■ **Task to complete**
Repeat all of the data exactly. Leave nothing out.

Scraped caption text data:
-----

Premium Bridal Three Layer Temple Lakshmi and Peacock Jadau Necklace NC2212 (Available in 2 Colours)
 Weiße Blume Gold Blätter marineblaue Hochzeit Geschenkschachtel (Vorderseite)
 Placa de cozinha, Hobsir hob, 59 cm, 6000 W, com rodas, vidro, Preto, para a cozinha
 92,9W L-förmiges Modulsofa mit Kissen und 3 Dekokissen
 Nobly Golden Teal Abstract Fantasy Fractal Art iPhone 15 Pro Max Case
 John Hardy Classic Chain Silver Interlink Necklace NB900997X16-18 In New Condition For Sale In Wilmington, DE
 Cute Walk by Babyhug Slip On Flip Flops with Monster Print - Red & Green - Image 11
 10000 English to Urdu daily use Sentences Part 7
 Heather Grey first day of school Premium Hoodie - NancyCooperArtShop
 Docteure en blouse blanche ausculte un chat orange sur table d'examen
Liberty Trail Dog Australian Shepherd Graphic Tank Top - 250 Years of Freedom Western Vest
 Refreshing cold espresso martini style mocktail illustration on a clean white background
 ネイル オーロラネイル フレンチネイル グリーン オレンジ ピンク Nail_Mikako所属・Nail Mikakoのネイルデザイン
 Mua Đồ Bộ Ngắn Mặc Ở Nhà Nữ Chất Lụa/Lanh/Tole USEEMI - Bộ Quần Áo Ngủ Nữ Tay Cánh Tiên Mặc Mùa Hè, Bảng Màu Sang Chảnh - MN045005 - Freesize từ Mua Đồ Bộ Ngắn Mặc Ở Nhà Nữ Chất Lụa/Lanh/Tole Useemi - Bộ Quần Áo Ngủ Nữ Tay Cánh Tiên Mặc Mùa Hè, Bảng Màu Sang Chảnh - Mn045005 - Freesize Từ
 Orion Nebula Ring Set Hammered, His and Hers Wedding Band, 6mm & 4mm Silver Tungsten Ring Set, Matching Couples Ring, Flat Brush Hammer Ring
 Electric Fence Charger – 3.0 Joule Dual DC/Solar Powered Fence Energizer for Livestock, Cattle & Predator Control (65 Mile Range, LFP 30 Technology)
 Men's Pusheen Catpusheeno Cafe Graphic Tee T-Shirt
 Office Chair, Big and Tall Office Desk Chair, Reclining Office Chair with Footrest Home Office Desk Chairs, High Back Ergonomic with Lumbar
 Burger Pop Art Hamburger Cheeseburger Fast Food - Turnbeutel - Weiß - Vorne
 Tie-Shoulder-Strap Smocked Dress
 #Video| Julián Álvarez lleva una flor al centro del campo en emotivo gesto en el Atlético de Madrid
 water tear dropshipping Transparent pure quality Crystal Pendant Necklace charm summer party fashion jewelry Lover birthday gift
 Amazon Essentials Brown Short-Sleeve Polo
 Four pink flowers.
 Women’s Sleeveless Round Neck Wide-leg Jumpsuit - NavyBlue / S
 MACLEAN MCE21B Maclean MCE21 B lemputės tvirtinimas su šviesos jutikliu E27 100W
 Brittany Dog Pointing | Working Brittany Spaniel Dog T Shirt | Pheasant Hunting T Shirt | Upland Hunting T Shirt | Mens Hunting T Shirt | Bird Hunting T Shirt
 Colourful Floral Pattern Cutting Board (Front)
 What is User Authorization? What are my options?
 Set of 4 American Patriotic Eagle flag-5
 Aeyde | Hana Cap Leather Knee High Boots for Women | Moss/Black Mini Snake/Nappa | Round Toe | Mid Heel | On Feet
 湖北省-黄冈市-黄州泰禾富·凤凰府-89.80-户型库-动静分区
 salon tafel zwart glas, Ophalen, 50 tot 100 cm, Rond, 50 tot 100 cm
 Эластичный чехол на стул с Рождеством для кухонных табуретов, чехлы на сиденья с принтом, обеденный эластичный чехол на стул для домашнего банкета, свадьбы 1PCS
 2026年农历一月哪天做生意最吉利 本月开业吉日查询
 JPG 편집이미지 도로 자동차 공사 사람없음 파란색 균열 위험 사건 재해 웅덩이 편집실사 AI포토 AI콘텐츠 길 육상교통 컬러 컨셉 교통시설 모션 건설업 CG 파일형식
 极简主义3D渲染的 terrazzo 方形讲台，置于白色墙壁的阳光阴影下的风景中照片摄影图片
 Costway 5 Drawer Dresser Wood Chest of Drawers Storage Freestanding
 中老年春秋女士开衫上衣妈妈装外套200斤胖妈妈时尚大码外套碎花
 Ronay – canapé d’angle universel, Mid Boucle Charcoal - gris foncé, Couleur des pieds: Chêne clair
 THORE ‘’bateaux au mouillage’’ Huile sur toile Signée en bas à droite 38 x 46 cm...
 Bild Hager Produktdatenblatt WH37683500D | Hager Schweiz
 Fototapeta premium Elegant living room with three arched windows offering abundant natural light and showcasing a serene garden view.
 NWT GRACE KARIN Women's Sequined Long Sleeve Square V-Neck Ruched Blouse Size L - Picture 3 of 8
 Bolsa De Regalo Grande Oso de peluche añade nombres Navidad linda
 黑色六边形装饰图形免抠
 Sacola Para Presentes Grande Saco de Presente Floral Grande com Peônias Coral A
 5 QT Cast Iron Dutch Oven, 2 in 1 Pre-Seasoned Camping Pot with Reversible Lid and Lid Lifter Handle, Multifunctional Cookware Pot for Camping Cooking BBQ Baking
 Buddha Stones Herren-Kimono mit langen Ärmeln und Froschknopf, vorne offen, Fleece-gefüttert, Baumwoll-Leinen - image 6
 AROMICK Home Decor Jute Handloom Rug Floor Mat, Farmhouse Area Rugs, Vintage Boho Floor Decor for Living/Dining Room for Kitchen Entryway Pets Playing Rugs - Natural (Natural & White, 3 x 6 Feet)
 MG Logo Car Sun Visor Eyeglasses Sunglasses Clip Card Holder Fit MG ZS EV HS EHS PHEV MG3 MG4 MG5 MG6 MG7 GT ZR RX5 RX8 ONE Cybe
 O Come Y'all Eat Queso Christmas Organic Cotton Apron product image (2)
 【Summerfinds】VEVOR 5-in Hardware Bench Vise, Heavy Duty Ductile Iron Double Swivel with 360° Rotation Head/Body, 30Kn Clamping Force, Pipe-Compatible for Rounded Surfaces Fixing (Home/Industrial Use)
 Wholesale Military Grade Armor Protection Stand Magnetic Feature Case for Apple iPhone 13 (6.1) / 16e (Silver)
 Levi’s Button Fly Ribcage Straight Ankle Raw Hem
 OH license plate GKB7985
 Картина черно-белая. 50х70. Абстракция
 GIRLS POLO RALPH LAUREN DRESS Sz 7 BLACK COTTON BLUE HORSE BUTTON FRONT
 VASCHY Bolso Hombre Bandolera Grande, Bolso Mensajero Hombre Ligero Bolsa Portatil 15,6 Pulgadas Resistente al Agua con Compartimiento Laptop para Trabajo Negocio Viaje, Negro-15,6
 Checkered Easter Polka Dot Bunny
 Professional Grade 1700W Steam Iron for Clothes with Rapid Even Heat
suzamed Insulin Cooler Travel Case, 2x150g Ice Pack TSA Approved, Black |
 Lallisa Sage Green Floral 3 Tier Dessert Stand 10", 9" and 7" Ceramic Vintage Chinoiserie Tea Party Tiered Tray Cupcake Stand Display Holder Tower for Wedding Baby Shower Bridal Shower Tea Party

-----

■ **Answer box**
Premium Bridal Three Layer Temple Lakshmi and Peacock Jadau Necklace NC2212 (Available in 2 Colours)
 Weiße Blume Gold Blätter marineblaue Hochzeit Geschenkschachtel (Vorderseite)
 Placa de cozinha, Hobsir hob, 59 cm, 6000 W, com rodas, vidro, Preto, para a cozinha
 92,9W L-förmiges Modulsofa mit Kissen und 3 Dekokissen
 Nobly Golden Teal Abstract Fantasy Fractal Art iPhone 15 Pro Max Case
 John Hardy Classic Chain Silver Interlink Necklace NB900997X16-18 In New Condition For Sale In Wilmington, DE
 Cute Walk by Babyhug Slip On Flip Flops with Monster Print - Red & Green - Image 11
 10000 English to Urdu daily use Sentences Part 7
 Heather Grey first day of school Premium Hoodie - NancyCooperArtShop
 Docteure en blouse blanche ausculte un chat orange sur table d'examen
Liberty Trail Dog Australian Shepherd Graphic Tank Top - 250 Years of Freedom Western Vest
 Refreshing cold espresso martini style mocktail illustration on a clean white background
 ネイル オーロラネイル フレンチネイル グリーン オレンジ ピンク Nail_Mikako所属・Nail Mikakoのネイルデザイン
 Mua Đồ Bộ Ngắn Mặc Ở Nhà Nữ Chất Lụa/Lanh/Tole USEEMI - Bộ Quần Áo Ngủ Nữ Tay Cánh Tiên Mặc Mùa Hè, Bảng Màu Sang Chảnh - MN045005 - Freesize từ Mua Đồ Bộ Ngắn Mặc Ở Nhà Nữ Chất Lụa/Lanh/Tole Useemi - Bộ Quần Áo Ngủ Nữ Tay Cánh Tiên Mặc Mùa Hè, Bảng Màu Sang Chảnh - Mn045005 - Freesize Từ
 Orion Nebula Ring Set Hammered, His and Hers Wedding Band, 6mm & 4mm Silver Tungsten Ring Set, Matching Couples Ring, Flat Brush Hammer Ring
 Electric Fence Charger – 3.0 Joule Dual DC/Solar Powered Fence Energizer for Livestock, Cattle & Predator Control (65 Mile Range, LFP 30 Technology)
 Men's Pusheen Catpusheeno Cafe Graphic Tee T-Shirt
 Office Chair, Big and Tall Office Desk Chair, Reclining Office Chair with Footrest Home Office Desk Chairs, High Back Ergonomic with Lumbar
 Burger Pop Art Hamburger Cheeseburger Fast Food - Turnbeutel - Weiß - Vorne
 Tie-Shoulder-Strap Smocked Dress
 #Video| Julián Álvarez lleva una flor al centro del campo en emotivo gesto en el Atlético de Madrid
 water tear dropshipping Transparent pure quality Crystal Pendant Necklace charm summer party fashion jewelry Lover birthday gift
 Amazon Essentials Brown Short-Sleeve Polo
 Four pink flowers.
 Women’s Sleeveless Round Neck Wide-leg Jumpsuit - NavyBlue / S
 MACLEAN MCE21B Maclean MCE21 B lemputės tvirtinimas su šviesos jutikliu E27 100W
 Brittany Dog Pointing | Working Brittany Spaniel Dog T Shirt | Pheasant Hunting T Shirt | Upland Hunting T Shirt | Mens Hunting T Shirt | Bird Hunting T Shirt
 Colourful Floral Pattern Cutting Board (Front)
 What is User Authorization? What are my options?
 Set of 4 American Patriotic Eagle flag-5
 Aeyde | Hana Cap Leather Knee High Boots for Women | Moss/Black Mini Snake/Nappa | Round Toe | Mid Heel | On Feet
 湖北省-黄冈市-黄州泰禾富·凤凰府-89.80-户型库-动静分区
 salon tafel zwart glas, Ophalen, 50 tot 100 cm, Rond, 50 tot 100 cm
 Эластичный чехол на стул с Рождеством для кухонных табуретов, чехлы на сиденья с принтом, обеденный эластичный чехол на стул для домашнего банкета, свадьбы 1PCS
 2026年农历一月哪天做生意最吉利 本月开业吉日查询
 JPG 편집이미지 도로 자동차 공사 사람없음 파란색 균열 위험 사건 재해 웅덩이 편집실사 AI포토 AI콘텐츠 길 육상교통 컬러 컨셉 교통시설 모션 건설업 CG 파일형식
 极简主义3D渲染的 terrazzo 方形讲台，置于白色墙壁的阳光阴影下的风景中照片摄影图片
 Costway 5 Drawer Dresser Wood Chest of Drawers Storage Freestanding
 中老年春秋女士开衫上衣妈妈装外套200斤胖妈妈时尚大码外套碎花
 Ronay – canapé d’angle universel, Mid Boucle Charcoal - gris foncé, Couleur des pieds: Chêne clair
 THORE ‘’bateaux au mouillage’’ Huile sur toile Signée en bas à droite 38 x 46 cm...
 Bild Hager Produktdatenblatt WH37683500D | Hager Schweiz
 Fototapeta premium Elegant living room with three arched windows offering abundant natural light and showcasing a serene garden view.
 NWT GRACE KARIN Women's Sequined Long Sleeve Square V-Neck Ruched Blouse Size L - Picture 3 of 8
 Bolsa De Regalo Grande Oso de peluche añade nombres Navidad linda
 黑色六边形装饰图形免抠
 Sacola Para Presentes Grande Saco de Presente Floral Grande com Peônias Coral A
 5 QT Cast Iron Dutch Oven, 2 in 1 Pre-Seasoned Camping Pot with Reversible Lid and Lid Lifter Handle, Multifunctional Cookware Pot for Camping Cooking BBQ Baking
 Buddha Stones Herren-Kimono mit langen Ärmeln und Froschknopf, vorne offen, Fleece-gefüttert, Baumwoll-Leinen - image 6
 AROMICK Home Decor Jute Handloom Rug Floor Mat, Farmhouse Area Rugs, Vintage Boho Floor Decor for Living/Dining Room for Kitchen Entryway Pets Playing Rugs - Natural (Natural & White, 3 x 6 Feet)
 MG Logo Car Sun Visor Eyeglasses Sunglasses Clip Card Holder Fit MG ZS EV HS EHS PHEV MG3 MG4 MG5 MG6 MG7 GT ZR RX5 RX8 ONE Cybe
 O Come Y'all Eat Queso Christmas Organic Cotton Apron product image (2)
 【Summerfinds】VEVOR 5-in Hardware Bench Vise, Heavy Duty Ductile Iron Double Swivel with 360° Rotation Head/Body, 30Kn Clamping Force, Pipe-Compatible for Rounded Surfaces Fixing (Home/Industrial Use)
 Wholesale Military Grade Armor Protection Stand Magnetic Feature Case for Apple iPhone 13 (6.1) / 16e (Silver)
 Levi’s Button Fly Ribcage Straight Ankle Raw Hem
 OH license plate GKB7985
 Картина черно-белая. 50х70. Абстракция
 GIRLS POLO RALPH LAUREN DRESS Sz 7 BLACK COTTON BLUE HORSE BUTTON FRONT
 VASCHY Bolso Hombre Bandolera Grande, Bolso Mensajero Hombre Ligero Bolsa Portatil 15,6 Pulgadas Resistente al Agua con Compartimiento Laptop para Trabajo Negocio Viaje, Negro-15,6
 Checkered Easter Polka Dot Bunny
 Professional Grade 1700W Steam Iron for Clothes with Rapid Even Heat
suzamed Insulin Cooler Travel Case, 2x150g Ice Pack TSA Approved, Black |
 Lallisa Sage Green Floral 3 Tier Dessert Stand 10", 9" and 7" Ceramic Vintage Chinoiserie Tea Party Tiered Tray Cupcake Stand Display Holder Tower for Wedding Baby Shower Bridal Shower Tea Party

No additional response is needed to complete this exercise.